# WORK ITEM
The pictures get dropped, while every remaining part of the listing is copied exactly.
BEGIN COLLECTED MATERIAL
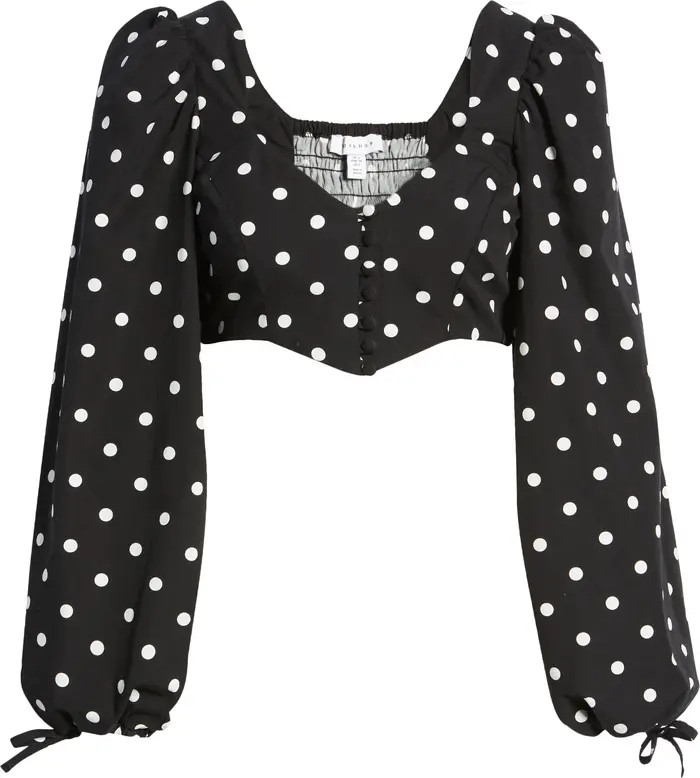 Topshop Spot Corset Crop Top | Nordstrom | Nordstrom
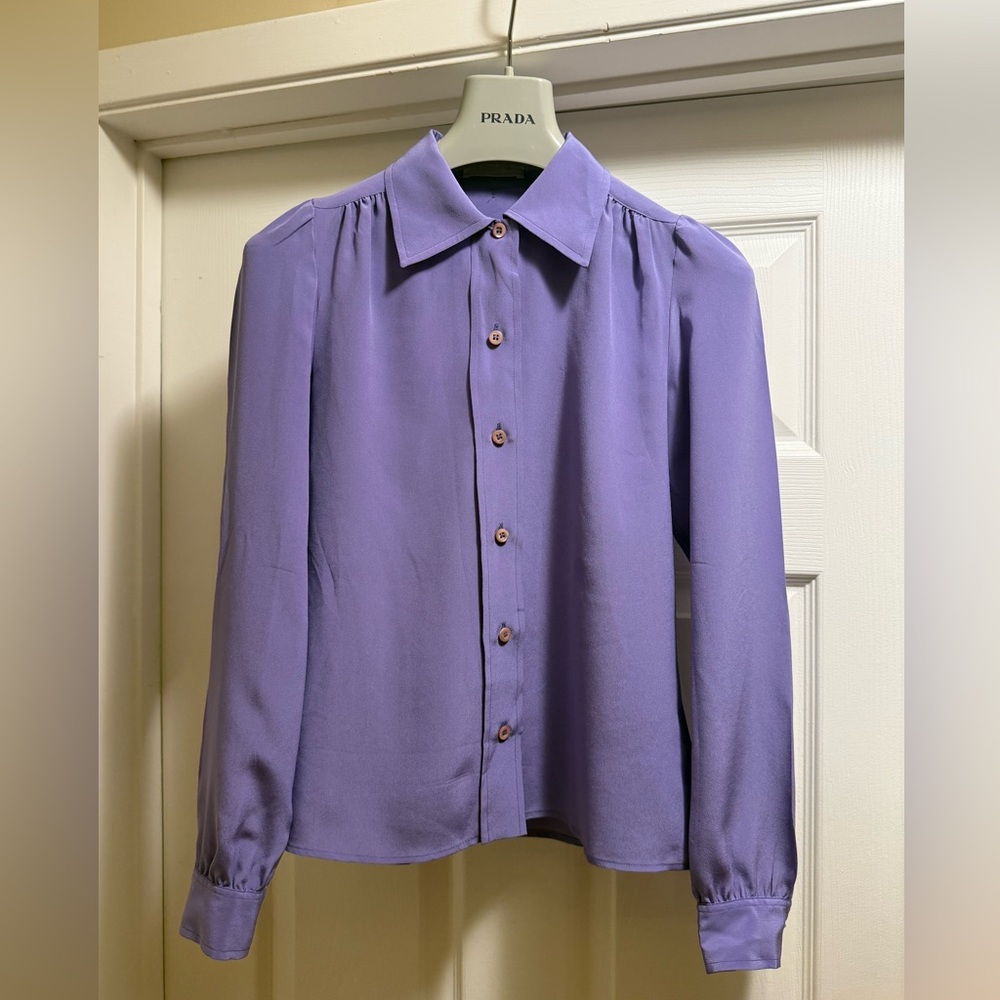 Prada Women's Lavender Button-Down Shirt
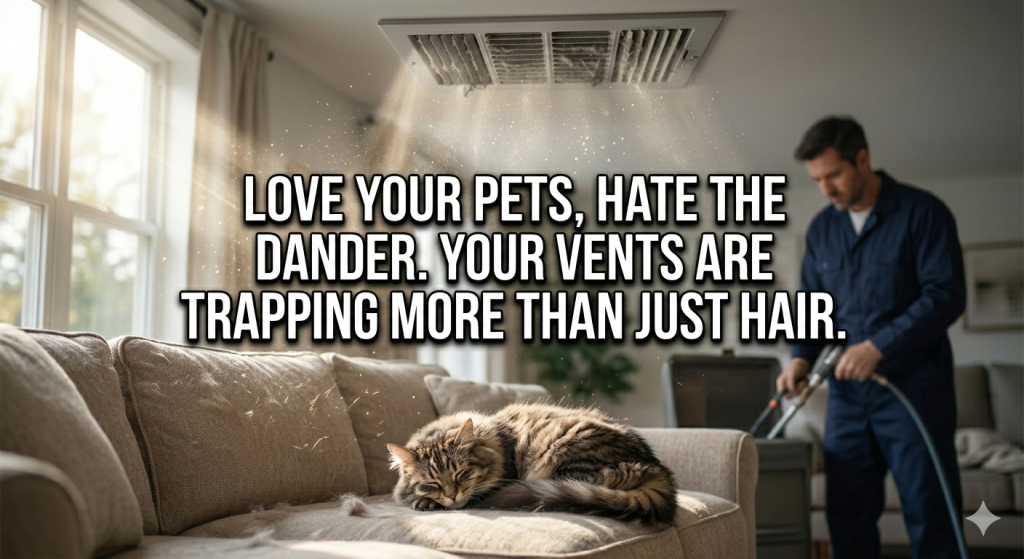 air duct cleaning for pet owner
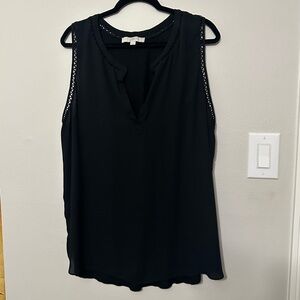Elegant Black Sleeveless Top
END COLLECTED MATERIAL
# SOLVED EXERCISE
 Topshop Spot Corset Crop Top | Nordstrom | Nordstrom
 Prada Women's Lavender Button-Down Shirt
 air duct cleaning for pet owner
Elegant Black Sleeveless Top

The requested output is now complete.